We calculate the normalized value

$$z = \frac{ 320 - n \mu }{ \sigma \sqrt[ ]{ n }} = \frac{ 320 - 300 }{ \sqrt[ ]{ 100 \cdot 4 / 3 }} = 1.73$$

and use the approximation

$$P(S_{100} \leq 320) \approx \Phi(1.73) = 0.9582$$

Example: Evaluating bounds of the probabilities of interest based on bounds

We poll $n$ voters and record the fraction $M_n$ of those polled who are in favor of a particular candidate.

If $p$ is the fraction of the entire voter population that supports this candidate, then

$$M_n = \frac{ X_1, X_2, …, X_n }{ n }$$

where the $X_i \berndist{ p }$. In particular, $M_n $ has mean $p$ and variance $p(1- p)/ n $.

By the normal approximation, $X_1, X_2, …, X_n $ is approximately normal, and therefore $M_n $ is also approximately normal.

We are interested in probability $P(\abs{ M_n - p } \geq \epsilon) $ that the polling error is larger than some desired accuracy $\epsilon $.
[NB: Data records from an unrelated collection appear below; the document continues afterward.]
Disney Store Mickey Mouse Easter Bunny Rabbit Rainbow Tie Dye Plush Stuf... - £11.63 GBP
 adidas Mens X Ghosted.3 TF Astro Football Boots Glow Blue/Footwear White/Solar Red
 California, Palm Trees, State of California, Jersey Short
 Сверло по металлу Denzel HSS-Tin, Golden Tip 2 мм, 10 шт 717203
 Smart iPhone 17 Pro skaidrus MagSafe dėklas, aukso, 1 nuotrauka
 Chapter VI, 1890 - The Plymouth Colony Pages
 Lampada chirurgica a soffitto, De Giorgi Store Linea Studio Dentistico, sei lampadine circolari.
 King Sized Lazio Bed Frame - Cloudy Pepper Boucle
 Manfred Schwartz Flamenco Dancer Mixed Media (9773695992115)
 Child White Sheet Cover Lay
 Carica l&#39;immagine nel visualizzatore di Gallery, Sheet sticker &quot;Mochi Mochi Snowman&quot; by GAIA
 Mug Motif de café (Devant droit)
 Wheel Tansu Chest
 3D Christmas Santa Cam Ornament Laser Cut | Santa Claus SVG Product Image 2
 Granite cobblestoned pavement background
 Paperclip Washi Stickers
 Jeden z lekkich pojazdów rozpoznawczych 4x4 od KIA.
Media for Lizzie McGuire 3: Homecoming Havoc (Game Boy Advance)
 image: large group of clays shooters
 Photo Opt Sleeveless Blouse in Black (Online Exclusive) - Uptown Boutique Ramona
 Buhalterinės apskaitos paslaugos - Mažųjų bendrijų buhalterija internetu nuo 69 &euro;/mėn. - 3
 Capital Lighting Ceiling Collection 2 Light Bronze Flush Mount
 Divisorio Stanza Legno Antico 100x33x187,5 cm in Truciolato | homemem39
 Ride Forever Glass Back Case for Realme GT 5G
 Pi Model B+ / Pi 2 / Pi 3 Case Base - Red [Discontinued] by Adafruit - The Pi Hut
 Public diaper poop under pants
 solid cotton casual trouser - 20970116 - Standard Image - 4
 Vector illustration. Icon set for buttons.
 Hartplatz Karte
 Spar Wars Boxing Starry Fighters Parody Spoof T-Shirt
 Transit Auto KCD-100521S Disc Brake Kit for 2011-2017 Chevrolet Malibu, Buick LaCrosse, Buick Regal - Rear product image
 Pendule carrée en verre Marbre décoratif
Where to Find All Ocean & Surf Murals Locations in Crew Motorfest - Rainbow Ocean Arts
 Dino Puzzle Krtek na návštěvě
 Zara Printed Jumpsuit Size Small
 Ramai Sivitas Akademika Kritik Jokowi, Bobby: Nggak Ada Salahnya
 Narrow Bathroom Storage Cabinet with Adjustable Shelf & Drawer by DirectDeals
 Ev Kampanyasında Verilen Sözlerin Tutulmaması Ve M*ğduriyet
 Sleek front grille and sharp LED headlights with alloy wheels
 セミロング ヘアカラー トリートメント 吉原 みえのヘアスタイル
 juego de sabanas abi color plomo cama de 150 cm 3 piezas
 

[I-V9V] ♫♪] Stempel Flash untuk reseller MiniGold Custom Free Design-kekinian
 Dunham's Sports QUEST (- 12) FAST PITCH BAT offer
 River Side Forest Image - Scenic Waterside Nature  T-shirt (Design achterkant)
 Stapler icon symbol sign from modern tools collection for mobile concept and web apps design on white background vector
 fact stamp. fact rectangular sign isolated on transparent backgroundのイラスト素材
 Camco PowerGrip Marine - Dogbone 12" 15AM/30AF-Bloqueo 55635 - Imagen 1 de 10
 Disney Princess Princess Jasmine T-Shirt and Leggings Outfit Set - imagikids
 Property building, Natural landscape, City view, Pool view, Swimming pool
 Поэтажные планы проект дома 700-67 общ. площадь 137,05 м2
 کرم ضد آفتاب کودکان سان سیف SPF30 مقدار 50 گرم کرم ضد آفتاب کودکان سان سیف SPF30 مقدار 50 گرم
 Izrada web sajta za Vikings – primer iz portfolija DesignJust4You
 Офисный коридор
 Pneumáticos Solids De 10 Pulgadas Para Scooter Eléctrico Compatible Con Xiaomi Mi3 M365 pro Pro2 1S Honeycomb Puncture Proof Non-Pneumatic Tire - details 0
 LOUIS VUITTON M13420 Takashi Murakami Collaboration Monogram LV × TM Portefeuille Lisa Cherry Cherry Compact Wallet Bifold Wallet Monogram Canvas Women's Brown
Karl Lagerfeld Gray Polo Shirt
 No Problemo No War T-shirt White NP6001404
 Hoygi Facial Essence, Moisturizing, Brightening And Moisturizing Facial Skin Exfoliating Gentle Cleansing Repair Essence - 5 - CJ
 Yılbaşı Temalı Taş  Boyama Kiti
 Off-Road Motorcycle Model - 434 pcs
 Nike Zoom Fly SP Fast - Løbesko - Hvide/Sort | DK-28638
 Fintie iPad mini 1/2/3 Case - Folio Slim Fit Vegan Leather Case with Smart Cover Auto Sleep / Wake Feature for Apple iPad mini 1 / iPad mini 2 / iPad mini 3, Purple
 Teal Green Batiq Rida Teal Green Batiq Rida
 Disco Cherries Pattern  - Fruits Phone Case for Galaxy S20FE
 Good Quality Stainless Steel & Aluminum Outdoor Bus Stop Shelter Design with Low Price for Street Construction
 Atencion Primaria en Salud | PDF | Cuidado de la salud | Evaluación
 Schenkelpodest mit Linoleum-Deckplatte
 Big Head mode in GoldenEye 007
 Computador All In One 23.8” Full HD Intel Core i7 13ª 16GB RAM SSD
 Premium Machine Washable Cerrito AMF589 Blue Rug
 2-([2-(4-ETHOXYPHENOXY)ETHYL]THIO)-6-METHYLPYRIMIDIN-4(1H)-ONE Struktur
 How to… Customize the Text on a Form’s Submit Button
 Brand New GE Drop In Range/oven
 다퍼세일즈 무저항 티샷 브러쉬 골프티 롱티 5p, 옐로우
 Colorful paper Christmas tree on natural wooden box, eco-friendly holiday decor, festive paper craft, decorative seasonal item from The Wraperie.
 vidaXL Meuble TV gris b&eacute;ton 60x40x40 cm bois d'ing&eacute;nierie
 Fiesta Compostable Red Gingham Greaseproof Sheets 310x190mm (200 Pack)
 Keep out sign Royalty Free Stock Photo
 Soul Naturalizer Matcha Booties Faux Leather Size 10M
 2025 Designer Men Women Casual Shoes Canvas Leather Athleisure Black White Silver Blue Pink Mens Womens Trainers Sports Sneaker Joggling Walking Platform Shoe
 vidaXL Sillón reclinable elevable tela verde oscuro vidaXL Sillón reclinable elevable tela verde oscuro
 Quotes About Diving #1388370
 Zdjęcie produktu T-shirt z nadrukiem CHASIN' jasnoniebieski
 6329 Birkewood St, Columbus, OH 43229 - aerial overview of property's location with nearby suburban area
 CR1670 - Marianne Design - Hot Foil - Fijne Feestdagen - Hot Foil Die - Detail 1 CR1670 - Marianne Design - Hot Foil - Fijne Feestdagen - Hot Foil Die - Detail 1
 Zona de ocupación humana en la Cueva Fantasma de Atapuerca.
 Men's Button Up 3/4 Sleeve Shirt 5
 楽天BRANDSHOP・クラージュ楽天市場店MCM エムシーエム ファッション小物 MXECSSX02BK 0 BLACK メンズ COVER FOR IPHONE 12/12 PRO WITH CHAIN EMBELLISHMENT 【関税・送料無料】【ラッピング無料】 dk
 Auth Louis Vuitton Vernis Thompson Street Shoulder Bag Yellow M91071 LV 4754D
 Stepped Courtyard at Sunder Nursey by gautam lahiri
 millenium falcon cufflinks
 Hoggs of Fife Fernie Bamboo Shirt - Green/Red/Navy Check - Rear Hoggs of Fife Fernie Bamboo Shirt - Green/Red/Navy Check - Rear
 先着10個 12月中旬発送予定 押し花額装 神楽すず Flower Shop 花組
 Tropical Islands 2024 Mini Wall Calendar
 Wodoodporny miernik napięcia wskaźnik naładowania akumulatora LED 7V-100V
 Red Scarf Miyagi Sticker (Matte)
Because of the symmetry of the normal PDF around the mean, we have

$$P(\abs{ M_n - p } \geq \epsilon) \approx 2P(M_n - p \geq \epsilon) $$

The variance $p(1 - p) / n$ of $M_n - p$ depends on $p $ and is therefore unknown. We note that the probability of a large deviation from the mean increases with the variance. Thus, we can obtain an upper bound on $P(M_n - p \geq \epsilon) $ by assuming that $M_n - p $ has the largest possible variance, namely $\frac{ 1 }{ 4n } $ which corresponds to $p = \frac{ 1 }{ 2 } $. To calculate this upper bound, we evaluate the standardized value

$$z = \frac{ \epsilon }{ 1/ (2 \sqrt[ ]{ n })}$$

and use the normal approximation

$$P(M_n - p \geq \epsilon) \leq 1 - \Phi(z) = 1 - \Phi(2 \epsilon \sqrt[ ]{ n }) $$

For instance, consider the case where $n = 100$ and $\epsilon= 0.1$. Assuming the worst-case variance, and treating $M_n$ as if it were normal, we obtain

$$\begin{align*} P(\abs{ M_{100} - p } \geq 0.1) &\approx 2P(M_n - p \geq 0.1) \br & \leq 2 - 2 \Phi(2 \cdot 0.1 \cdot \sqrt[ ]{ 100 }) = 2 - 2 \Phi(2) = 0.046 \end{align*}$$

This is much smaller (and more accurate) than the estimate of $0.25$ that was obtained using Chebychev inequality.

We now consider a reverse problem. How large a sample size $n $ is needed if we wish our estimate $M_n $ to be within $0.01 $ of $p $ with probability at least $0.95 $?

Assuming again the wort possible variance, we are led to the condition

$$ 2- 2 \Phi(2 \cdot 0.01 \cdot \sqrt[ ]{ n }) \leq 0.05 $$

$$\Phi(2 \cdot 0.01 \cdot \sqrt[ ]{ n }) \geq 0.975 $$

From the normal tables, we see that $\Phi(1.96) = 0.975 $ which leads to

$$ 2 \cdot 0.01 \cdot \sqrt[ ]{ n } \geq 1.96 $$

$$ n \geq \frac{(1.96)^2 }{ 4 \cdot (0.01)^2 } = 9604 $$

This is significantly better than the sample size of $ 50,000 $ that we found using Chebyshev’s inequality.